Babasın ama sen de değişebilirsin:
İstanbul’da üç kızkardeş, Meliha, Feride ve Seyhan beraber yaşıyorlar. Bir de babaları var. Herkesin ödü kopuyor. Cabbar Ağa. Onun haksızlığa karşı çıkan halleri, “adam dövme” hikayeleri anlatılıyor. Ve baba “evlenecek küçük kızı” için İstanbul’a geliyor. Damatlarla tanışıyor. Birini sevmiyor. Kızını terk edip giden Samim’den haberi oluyor. Kızının ve küçük çocukların hatrına ona “ceza kesmiyor”. Meliha Samim’i korudu diye küçük kızının düğününe gitmiyor. Adana’ya dönüyor. Uzaktan damat adayıyla kızına bilezik yolluyor. Kızının evlenmekten vazgeçtiği haberini alınca İstanbul’a kızları götürmeye geliyor. Sonra vazgeçip yine dönüyor. Başları dertte o 3 kızı kendi kaderleriyle baş başa bırakıyor. Adana’sına “cabbar”lığına geri dönüyor.
Fasulyeden Adana delikanlısı olabilirsin:
Seyhan’ı Ali’ye kaptırdı ya. Biliyorum özellikle kadınlar kızacak “kaptırma” lafına. Ama Halim “fasulyeci delikanlı” Seyhan’ı biraz “kendi malı” gibi gördüğü için iticiydi. Bir otel tutmuştu. Samim Abi’ye ve bir çok kişiye iş sağlayacaktı. Tabi “Seyhan’ı da oranın müdürü olacaktı. “İşveren delikanlı” Seyhan gider gitmez oteli devretme kararı aldı. Çalışanlarla ve Samim Abi ile vedalaşıldı. Amaç Seyhan’a hava atmaktı. Seyhan terk edince delikanlılık da “terk edilidi”.

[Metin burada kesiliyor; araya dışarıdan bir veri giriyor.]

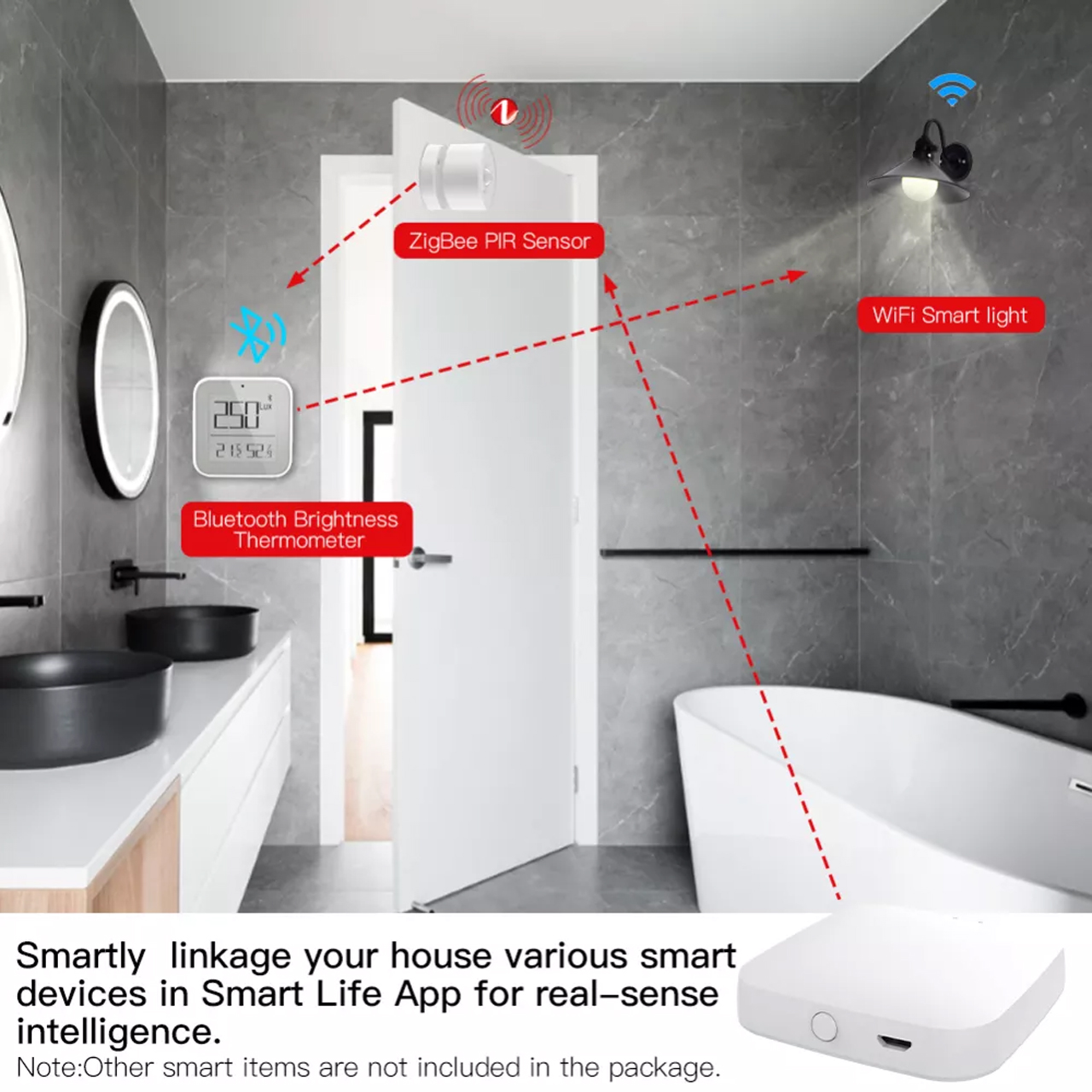 Bo dieu khien trung tam Gateway Zigbee 9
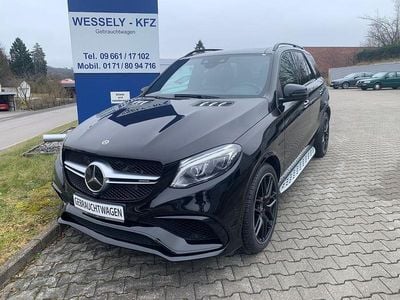 Second-hand Mercedes GLE63 AMG AMG 585 CP (430 kW) 2017 Negru SUV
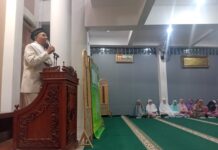 Pengajian Nuzulul Quran Semarak di Masjid Baiturrahman Nusukan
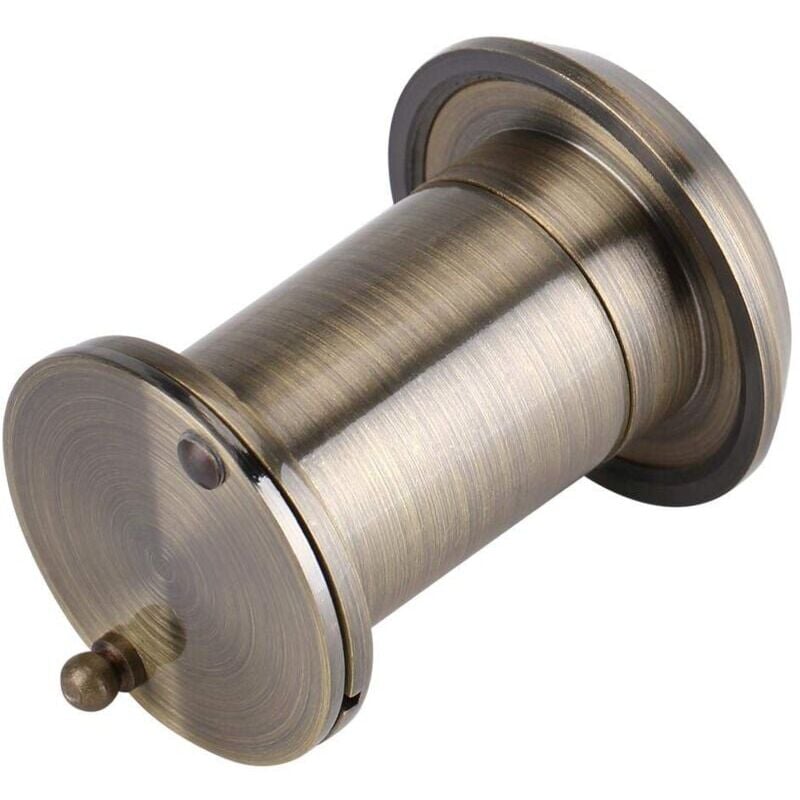 foto del prodotto snq spioncino per porta hd da 22 mm, 220 , ampio angolo di visione con copertura per la privacy ad alta resistenza, accessori antifurto per porte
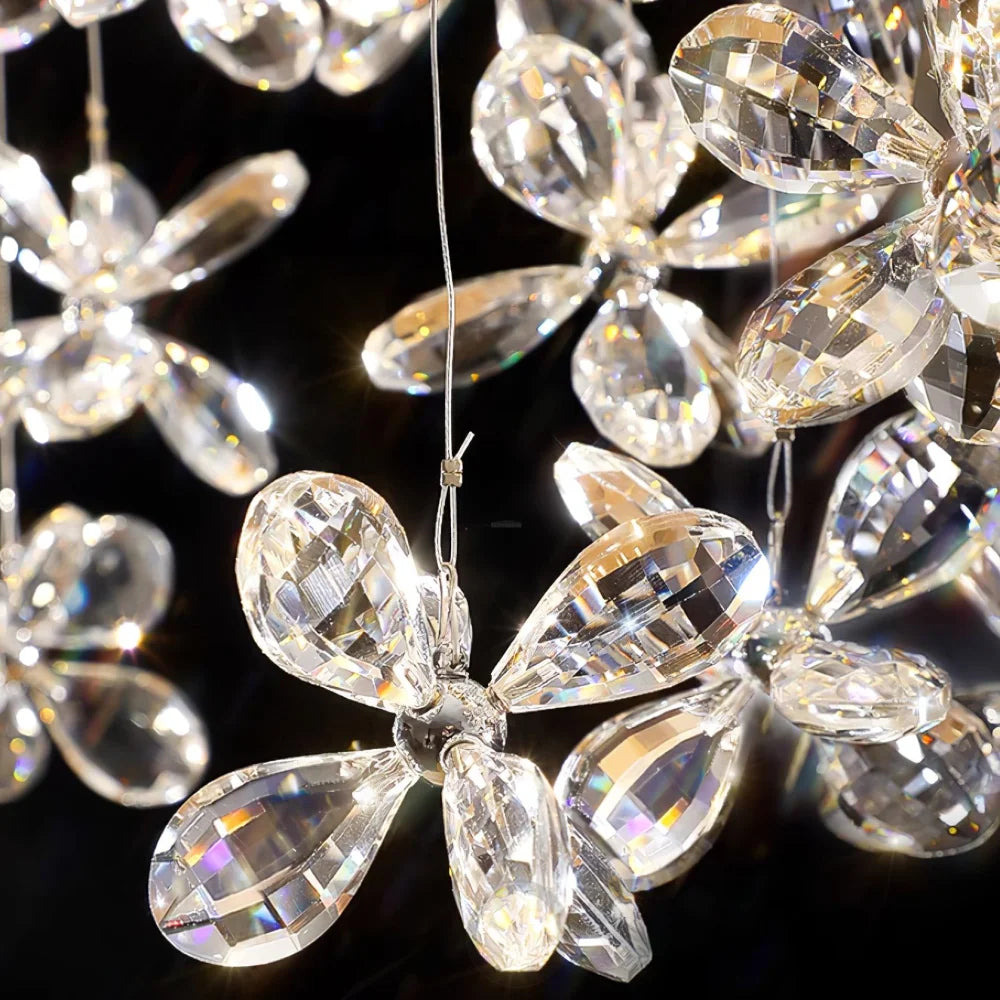Floating Butterfly Chandelier L 47.2″ - Yiosilamp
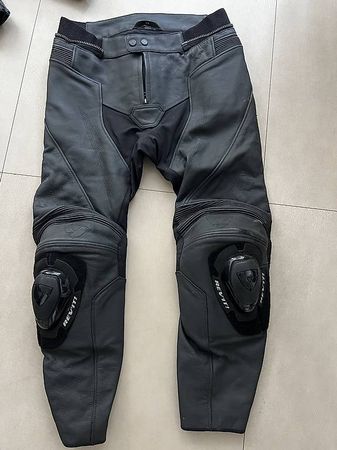 Pantalon cuir moto Rev'it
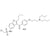 N-(2-butyl-3-(4-(3-(dibutylamino)propoxy)benzoyl)benzofuran-5-yl)-1-chloromethanesulfonamide hydrochloride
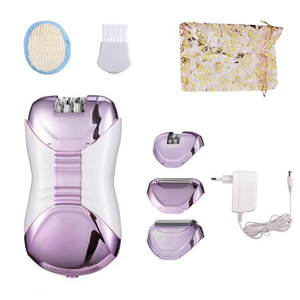 Depiladora Eléctrica Femenina para Bikini, Depilación Corporal sin Dolor con Diseño de Resorte para Uso Doméstico - Product Image 1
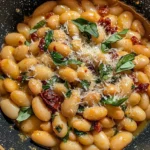 Creamy Tuscan Marry Me Butter Beans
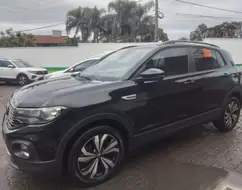 VOLKSWAGEN T-CROSS 1.0 200 TSI TOTAL FLEX COMFORTLINE AUTOMÁTICO VOLKSWAGEN T-CROSS 1.0 200 TSI TOTAL FLEX COMFORTLINE AUTOMÁTICO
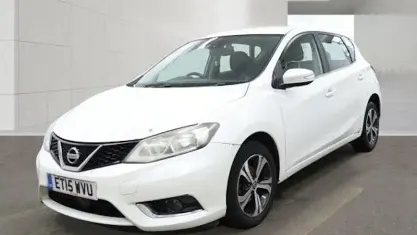 Used Nissan Pulsar Acenta 110 HP (80 kW) 2017 Hatchback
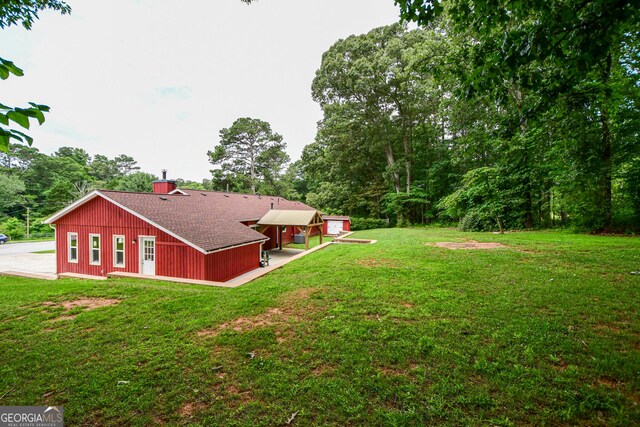 125 Point View Ct, Tyrone, GA 30290 - view of grassy yard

Çıkarın varsa terk ettiğin adama gidip yeni sevgiline yalan söyleyebilirsin:
Fedakar ya Seyhanımız. Otel kapandı Samim Abisi işsiz kaldı. Gider süründürdüğü, evleneceği gün terk ettiği adama “kapatma oteli derdin benle onlara günah” der, diyebilir. Halim’e giderken Ali’ye yalan da söyleyebilir “başka yere gidiyorum “diye.
Nişanlını kazıklayıp ona haciz getirebilirsin:
Feride, ortanca. Uzatmalı bir nişanlısı var. Bir türlü iş yerinde dikiş tutturamıyor. Dükkan açacak. Feride gidiyor, onun adına kredi alıyor. Ama nişanlısı para kazanıyor ama kazandıklarını kendine harcıyor. Borcu ödemiyor. Nişanlısına haciz getiriyor.

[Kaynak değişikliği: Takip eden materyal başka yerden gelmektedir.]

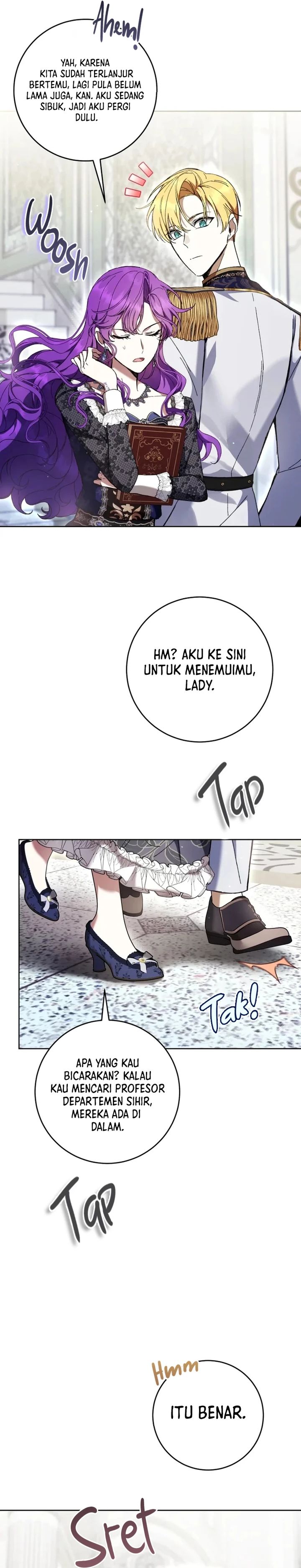 Baca What’s Wrong With Being the Villainess? - Chapter 100 halaman 4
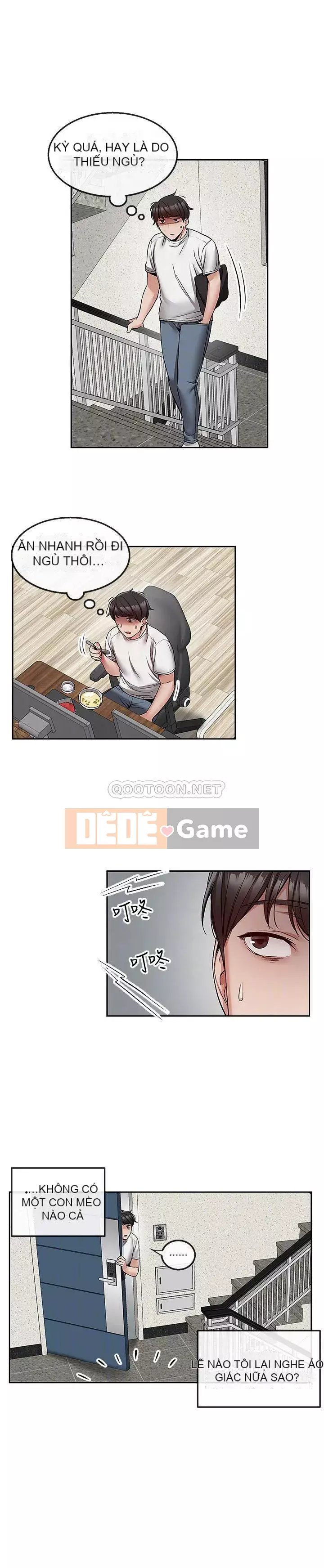 Tiếng ồn đêm khuya Chương 37-38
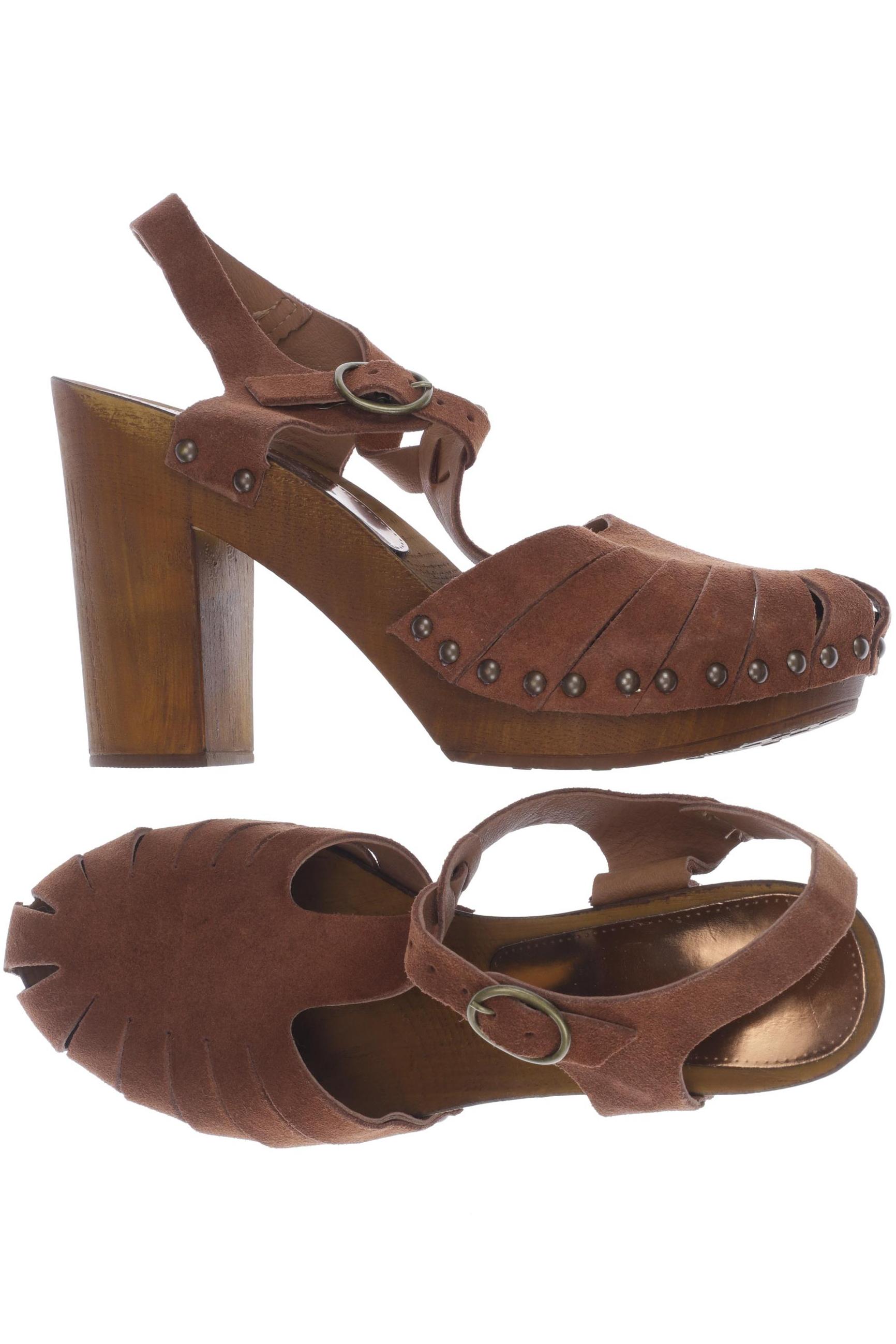

Cox Damen Sandale, braun, Gr. 39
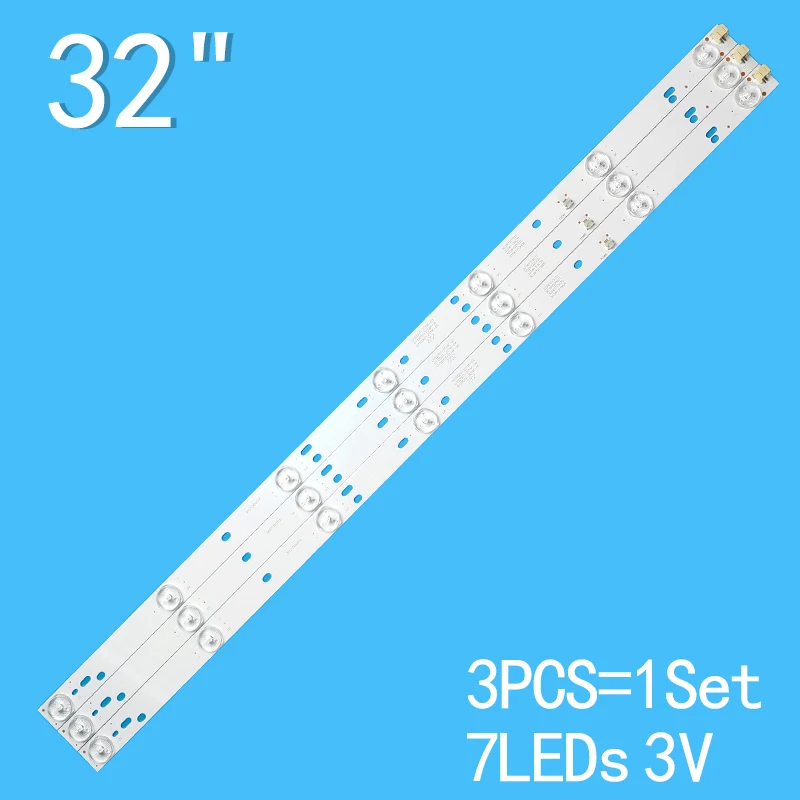 LED Strip For LE32D58、LE32F5I 303WY320031, 532WY315M08 0Y32D07-ZC14F-04/04/05  303WY315036 LE32D51A LE32D39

Sevgilini gizli kamerayla izleyebilirsin:
Feride nişanlısına güvenemiyor. Kalem şeklinde bir “gizli kamera” ile sevgilisini izliyor. Anlıyoruz ki “nişanlı bey” işyerinde rahat durmuyor. Başka kızlarla da ilgileniyor. Gizli kamerayla sevgili izlemeye mi yanarsın, adamın ahlaksızlığına mı karar veremiyorsun.

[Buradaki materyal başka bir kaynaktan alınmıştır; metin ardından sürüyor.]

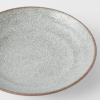 Jídelní mísa CRAZED GREY 23 cm, 500 ml, hnědá, keramika, MIJ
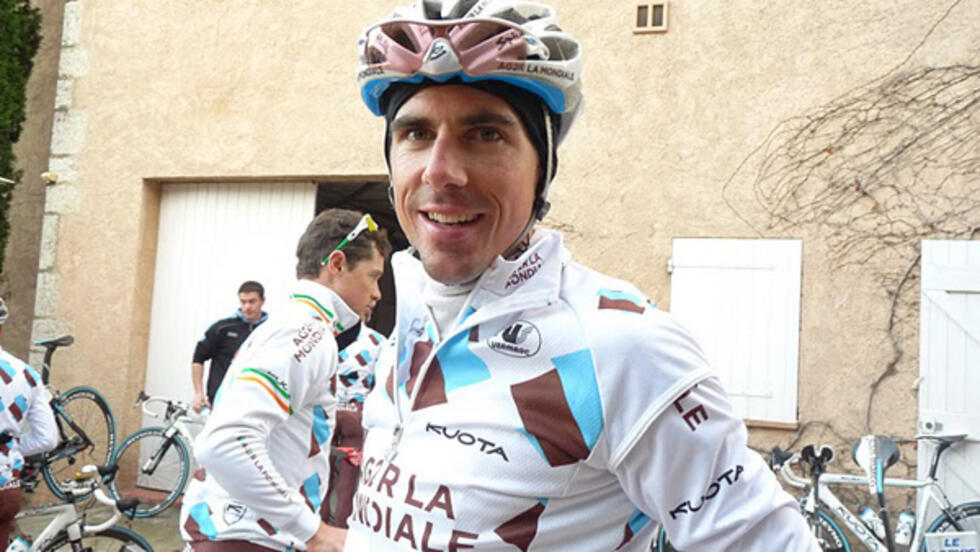 Sébastien Minard «On rêve tous du Tour de France»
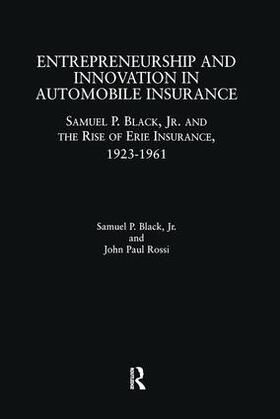 Entrepreneurship and Innovation in Automobile Insurance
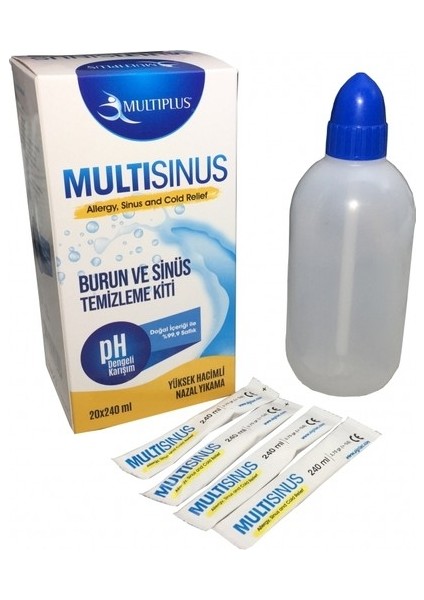 Burun Temizleme Kiti 24 X 240 Ml 48 Adet Yedek Saşe fiyatları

Herkesin diğerlerinin arkasından konuştuğu, yalanların, aldatmaların gırla gittiği içinde “aile” geçen bir dizi. Belki gerçekten “aile”ler bu hale geldi. Belki yeni durumla yüzleşmek lazım. Belki “bu bir maskeli balo ve hepimiz bunun sahte yüzleriyiz.”